AFAICT, then the read only call will have to be in two alias sets --
a
Ref alias set (also containing %a) and a Mod alias set (also
containing %b and %c). The collapse is driven by the fact that a
alias sets are disjoint -- to not collapse I think we'll have to
break
that invariant.

That's correct. There are only a few passes that use AST, however, and I don't think updating them would be too much trouble.

-Hal

You can’t win here (believe me, i’ve tried, and better people than me have tried, for years :P).

No matter what you do, the partitioning will never be 100% precise. The only way to solve that in general is to pairwise query over the partitioning.

Your basic problem is that all of the alias analyses do not come up with the same partitioning of the heap.

Worse, some are not even transitive, or even symmetric.

This means one single variable may be in multiple disjoint alias sets in reality.

(For example, GEP, PHI will give you different AA results than PHI, GEP in some cases. That is mostly a FIXME, but there are plenty of cases you can come up with where info tells you something about one variable and it’s relationship to another, but not to a third. The non-symmetric case is rarer, but again, possible.)

Let’s say you modify AliasSetTracker to not collapse, and handle multiple disjoint partitions at once.

(Here is here i will draw the equivalence between this and what we’ve done before in GCC :slight_smile: )

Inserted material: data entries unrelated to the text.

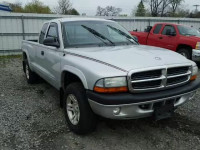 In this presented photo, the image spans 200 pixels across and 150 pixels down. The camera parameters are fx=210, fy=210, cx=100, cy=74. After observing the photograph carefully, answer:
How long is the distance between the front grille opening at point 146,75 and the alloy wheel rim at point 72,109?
1004mm

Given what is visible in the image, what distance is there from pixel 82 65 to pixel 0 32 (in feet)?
35.6

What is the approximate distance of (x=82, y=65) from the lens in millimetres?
2908

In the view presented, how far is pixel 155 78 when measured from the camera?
2746 mm

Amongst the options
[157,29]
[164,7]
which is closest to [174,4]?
[164,7]

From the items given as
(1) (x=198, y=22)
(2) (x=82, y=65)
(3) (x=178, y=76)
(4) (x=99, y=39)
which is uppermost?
(1) (x=198, y=22)

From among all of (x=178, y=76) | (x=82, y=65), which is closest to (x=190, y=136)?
(x=178, y=76)

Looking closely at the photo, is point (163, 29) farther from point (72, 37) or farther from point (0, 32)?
point (0, 32)

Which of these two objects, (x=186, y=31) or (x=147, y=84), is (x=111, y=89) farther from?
(x=186, y=31)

The only way to maintain correctness (in general) and not collapse is to maintain multiple alias sets, and say which are affected by which instructions.

(IE you have 1 instruction, and it may MOD 5 different alias sets, each of which represents a different partitioning of the heap).

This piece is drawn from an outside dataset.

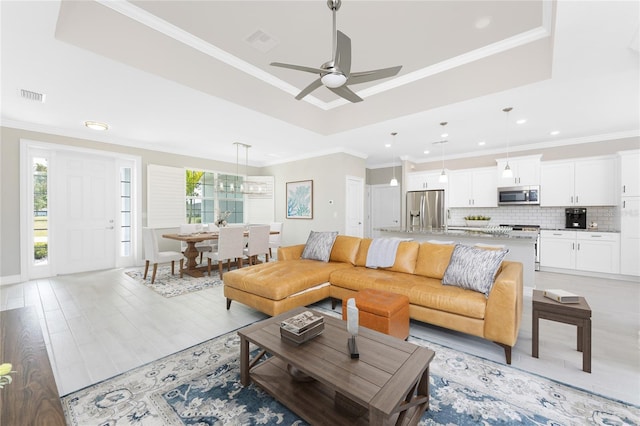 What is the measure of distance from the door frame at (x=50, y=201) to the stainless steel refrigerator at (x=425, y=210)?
20.6 ft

You will discover very quickly, that for most partitioning you can think of, the cost of maintaining the alias sets over a set of instructions with is greater than the cost of additional queries you may come up with in the first place

In other words, depending on how precise your partitioning you may have variables that clobber 10 or 20 or 30 of the disjoint alias sets. Handling this is a lot more expensive than saying “hey, i want to move this one load up another instruction. Does it really conflict?”. This is because you really only care about individual aliases in the alias set at any given time, but unless you go through all the addresses ahead of time, and had a way to say “okay alias set tracker, i only care about variable x, y, z, and even then, only x in block a, y in block b, etc”, you are paying the cost of doing whatever queries are necessary to prove something about all variables in an alias set.

MemorySSA was essentially built with this problem in mind (and thus, tries to provide chains that let you do querying on. You ask it about a load, it can O(1) tell you the nearest dominating thing that MOD’s it (IE to which getModRefInfo(Instruction, Location) says Mod).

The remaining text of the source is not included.